Örneğin bir yeri şöyledir:
“20 Ocak 2004...
Hava Kuvvetleri Komutanlığı’nda yapılacak kuvvet komutanları toplantısına katıldım. MGK ön toplantısı perşembe günü yerine yarına alındığı için bir koordinasyon ihtiyacı doğmuştu. (...) Konuşmalar sırasında Jandarma Genel Komutanı (Şener Eruygur) daima bir ihtilal özlemi içersinde, bir an önce bu işi yapalım şeklinde konuşuyordu. Bugün de defalarca tekrar etti...”
“6 Şubat 2004...
Sabah doğruca Jandarma Genel Komutanlığı’na gittim ve orada üçümüz buluştuk. Durumu tekrar gözden geçirdik. Jandarma Genel Komutanı hala darbe yapalım diye inat ediyordu... Sabah toplanmamızın esas gayesi Kıbrıs konusunda neler yapılabileceği konusunda seçenekleri gözden geçirmek. Ancak biz bu konuyu bırakıp darbe yapacak mıyız yoksa yapmayacak mıyız konusuna girdik. Jandarma Genel Komutanı Orgeneral Şener Eruygur‘u ikna etmek oldukça güç. Bir netice alamayacağımı bildiğim halde yine de onu ikna etmeyi denedim. Pek ikna olduğunu söyleyemem..
6 Aralık 2003...
... Kendimize göre bir eylem planı yapmaya karar verdik.

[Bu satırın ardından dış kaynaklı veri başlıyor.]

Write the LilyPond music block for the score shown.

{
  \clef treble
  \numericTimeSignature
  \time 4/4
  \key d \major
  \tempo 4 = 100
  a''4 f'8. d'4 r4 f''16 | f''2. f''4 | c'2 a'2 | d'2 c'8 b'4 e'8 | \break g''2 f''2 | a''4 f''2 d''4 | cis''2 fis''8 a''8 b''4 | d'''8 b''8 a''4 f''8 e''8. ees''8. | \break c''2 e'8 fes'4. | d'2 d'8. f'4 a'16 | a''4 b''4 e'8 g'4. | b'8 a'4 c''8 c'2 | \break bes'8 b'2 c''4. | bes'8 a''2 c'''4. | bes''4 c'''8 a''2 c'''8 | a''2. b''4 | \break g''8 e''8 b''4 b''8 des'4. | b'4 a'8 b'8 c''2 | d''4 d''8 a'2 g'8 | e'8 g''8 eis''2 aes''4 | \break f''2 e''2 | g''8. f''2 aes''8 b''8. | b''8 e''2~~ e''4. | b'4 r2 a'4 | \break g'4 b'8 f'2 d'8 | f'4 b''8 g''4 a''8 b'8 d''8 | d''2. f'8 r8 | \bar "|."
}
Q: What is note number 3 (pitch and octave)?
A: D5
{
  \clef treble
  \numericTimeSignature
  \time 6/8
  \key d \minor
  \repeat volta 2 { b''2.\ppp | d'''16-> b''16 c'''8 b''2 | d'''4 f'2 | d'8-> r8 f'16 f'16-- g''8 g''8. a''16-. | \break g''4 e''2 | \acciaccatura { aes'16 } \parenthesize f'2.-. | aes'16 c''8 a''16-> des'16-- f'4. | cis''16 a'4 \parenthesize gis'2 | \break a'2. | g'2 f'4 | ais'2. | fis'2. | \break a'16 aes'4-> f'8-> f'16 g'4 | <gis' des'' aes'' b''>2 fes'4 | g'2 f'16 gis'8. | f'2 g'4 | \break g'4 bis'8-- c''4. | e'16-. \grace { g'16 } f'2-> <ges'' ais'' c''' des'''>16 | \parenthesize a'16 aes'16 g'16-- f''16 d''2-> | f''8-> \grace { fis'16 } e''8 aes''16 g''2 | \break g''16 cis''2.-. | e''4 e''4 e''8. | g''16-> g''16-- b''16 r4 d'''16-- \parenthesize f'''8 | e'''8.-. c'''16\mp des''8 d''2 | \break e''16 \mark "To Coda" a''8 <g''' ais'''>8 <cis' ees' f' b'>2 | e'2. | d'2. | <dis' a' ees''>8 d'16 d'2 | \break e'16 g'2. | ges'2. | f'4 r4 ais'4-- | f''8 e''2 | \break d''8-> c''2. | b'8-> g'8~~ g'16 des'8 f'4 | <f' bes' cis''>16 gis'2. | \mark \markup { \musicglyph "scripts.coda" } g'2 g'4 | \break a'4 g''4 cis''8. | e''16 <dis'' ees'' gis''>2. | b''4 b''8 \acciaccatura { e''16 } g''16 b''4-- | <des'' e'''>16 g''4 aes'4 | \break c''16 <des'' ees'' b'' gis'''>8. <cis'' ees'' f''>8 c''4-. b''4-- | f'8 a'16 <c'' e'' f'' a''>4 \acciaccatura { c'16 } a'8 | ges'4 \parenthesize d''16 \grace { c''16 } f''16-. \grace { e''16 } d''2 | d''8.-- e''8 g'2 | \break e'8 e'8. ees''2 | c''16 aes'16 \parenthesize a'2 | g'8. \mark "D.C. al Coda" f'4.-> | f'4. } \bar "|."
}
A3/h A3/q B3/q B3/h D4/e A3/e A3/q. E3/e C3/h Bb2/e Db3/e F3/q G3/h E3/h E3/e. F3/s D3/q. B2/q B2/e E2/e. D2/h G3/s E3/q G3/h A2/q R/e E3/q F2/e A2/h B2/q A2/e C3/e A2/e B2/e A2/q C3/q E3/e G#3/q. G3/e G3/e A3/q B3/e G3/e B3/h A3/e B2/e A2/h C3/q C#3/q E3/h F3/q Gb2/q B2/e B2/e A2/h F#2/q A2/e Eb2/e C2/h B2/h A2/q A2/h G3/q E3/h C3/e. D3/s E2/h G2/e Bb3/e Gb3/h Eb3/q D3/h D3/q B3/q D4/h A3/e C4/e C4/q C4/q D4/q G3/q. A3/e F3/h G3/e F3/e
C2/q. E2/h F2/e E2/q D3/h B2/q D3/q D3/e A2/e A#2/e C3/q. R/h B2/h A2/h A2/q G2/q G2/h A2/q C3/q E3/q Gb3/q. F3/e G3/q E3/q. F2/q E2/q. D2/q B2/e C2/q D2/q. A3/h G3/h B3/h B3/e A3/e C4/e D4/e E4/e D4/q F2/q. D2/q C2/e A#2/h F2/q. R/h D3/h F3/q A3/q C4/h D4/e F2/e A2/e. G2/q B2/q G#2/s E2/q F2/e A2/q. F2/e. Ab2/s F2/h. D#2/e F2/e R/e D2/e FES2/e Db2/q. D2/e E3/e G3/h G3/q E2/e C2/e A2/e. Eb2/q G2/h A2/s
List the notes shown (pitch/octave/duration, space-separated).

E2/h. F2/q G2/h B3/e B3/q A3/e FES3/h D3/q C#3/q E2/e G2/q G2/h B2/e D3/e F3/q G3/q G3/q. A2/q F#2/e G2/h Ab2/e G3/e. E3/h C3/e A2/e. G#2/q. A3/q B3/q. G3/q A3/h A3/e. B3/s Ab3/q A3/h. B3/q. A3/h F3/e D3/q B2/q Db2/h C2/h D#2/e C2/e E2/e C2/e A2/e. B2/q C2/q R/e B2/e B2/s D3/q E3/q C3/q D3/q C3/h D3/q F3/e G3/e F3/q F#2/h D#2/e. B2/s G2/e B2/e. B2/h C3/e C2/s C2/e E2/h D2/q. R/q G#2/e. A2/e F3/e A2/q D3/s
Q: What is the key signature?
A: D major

-Önce basını ele geçirmeye çalışacaktık...
-Sonra rektörler ile temas edip öğrencileri sokağa dökecektik.
-Sendikalar ile aynı şekilde hareket edecektik.
-Sokaklara afiş astıracaktık.
-Derneklerle temas edip onları da hükümet aleyhine teşvik edecektik.
-Bütün bu olayları yurt çapında yapacaktık.
Yukarıdakiler SARIKIZ olarak anılacaktı...”
Deniz Kuvvetleri Komutanı’nın günlüğünden kısa bir bölüm aynen böyle.
Ergenekon da bu çerçevenin dışında değil. Birçok bağlantısıyla bu çerçeveye oturuyor.
Elbette insan hakları, hukuk...
Elbette demokrasi...
Ama şunu da unutmayın:
Bu ülkede demokratik hukuk devletinin kolunu kanadını kıran, insan haklarının canına okuyan birçok darbe oldu.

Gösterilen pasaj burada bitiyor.